Wednesday 3 May 2017

Fate of Walton Group’s real estate provides test of ailing Alberta market

Patrick Kavanagh Chicago

 The financial woes of Calgary real estate firm Walton Group are likely to be a litmus test for Alberta’s ailing commercial real estate market, with industry players closely watching the fate of the developer’s lucrative sites.

Walton, an international real estate investment and development firm, filed for creditor protection earlier this week under the Companies’ Creditors Arrangement Act, owing hundreds of millions of dollars to thousands of retail investors, as well as to major Canadian banks and construction lenders. The court-supervised restructuring applies only to the company’s Canadian subsidiaries, which represent about 15 per cent of Walton’s entire assets.

In Edmonton, where Walton is among the city’s largest owners of land that is close to being ready for development, the company’s court filing came as a surprise.

“Nobody expected to hear that Walton would be going into CCAA,” said Andy Horvath, a partner in the Edmonton office of Churchman & Wakefield. “It’s a big deal because the name is well-recognized.”

Walton is one of Canada’s largest private real estate investment companies, owning more than 100,000 acres of property in Alberta, Ontario and several U.S. states.

According to securities filings in January, 2016, the company had raised more than $3-billion in recent years for active land sites by selling ownership stakes in properties to thousands of retail investors in Canada and internationally. Much of the money was raised by way of private investment offerings outside of the stock market.

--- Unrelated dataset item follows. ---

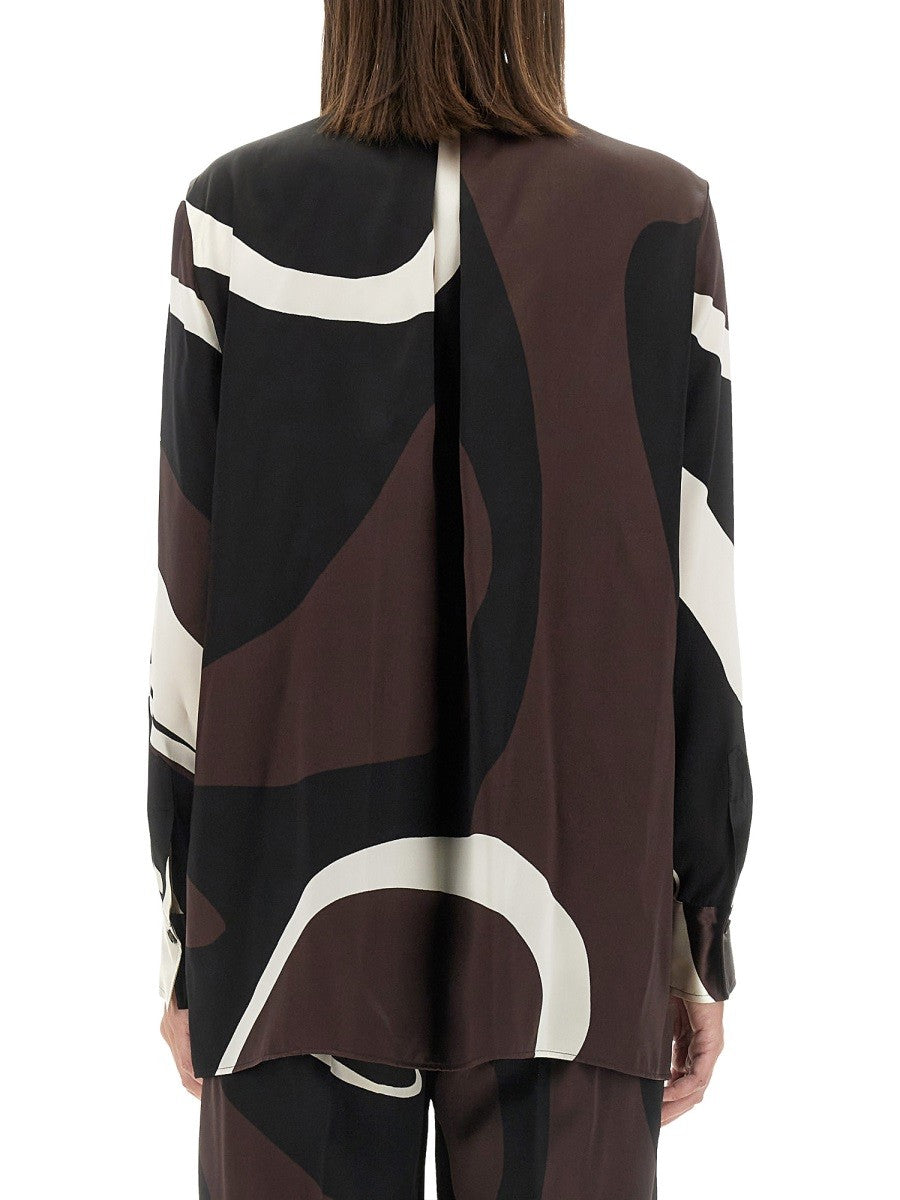 CHEMISE IMPRIMÉE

Walton has hundreds of sites in Canada and the United States spread out across what court documents describe as an “extremely complex structure of more than 600 corporations, limited partnerships and other entities.”

The company’s investment dealer arm, Walton Capital Management Inc., voluntarily surrendered its registration to the Alberta Securities Commission last month. It stopped raising money in Canada more than a month ago, according to sources.

In the past Walton was predominantly a land-banking company, buying land and then reselling it to investors by way of fractional interests in the land, or units in limited partnerships. Investors typically paid more than double what Walton had initially paid for the property.

It focused on purchasing sites at the fringes of urban boundaries and then sitting on the land for years until it could be sold to developers at a hefty premium. According to securities filings, some investors were told to expect to wait eight years before they would see a return on their investment.

In many cases, Walton investors reaped lucrative rewards, with property values in Edmonton soaring 300 to 400 per cent between 2000 and 2005, said Darren Snider, a specialist in land sales with Avison Young in Edmonton. “They bought the land at the right price,” he said. “And I think their investors did very, very well.”
But in recent years, the company slowed down its land purchasing in the city and started trying to develop some of its properties itself. That required Walton to take on additional debt to pay for improvements, such as building roads and other infrastructure. At the same time, Walton reported in court filings that it started to struggle to raise new money among investors.

It reported that sales of its land-banking investments fell from $134-million in 2012 to $19.6-million last year. Walton said it has lost $67.3-million over the past three years and slashed its employee numbers from 469 at the end of 2013 to 96 by last month.
The company blamed its woes on a change in appetite among U.S. developers for its properties south of the border, which made it more difficult to fund its Canadian operations, along with the dramatic slowdown in home-building in Alberta after oil prices nose-dived in late 2014.

Industry experts point out that unlike land-banking, developing land can be a risky proposition that in Alberta has usually been reserved for large firms with deep pockets that can afford to wait years before they make a profit.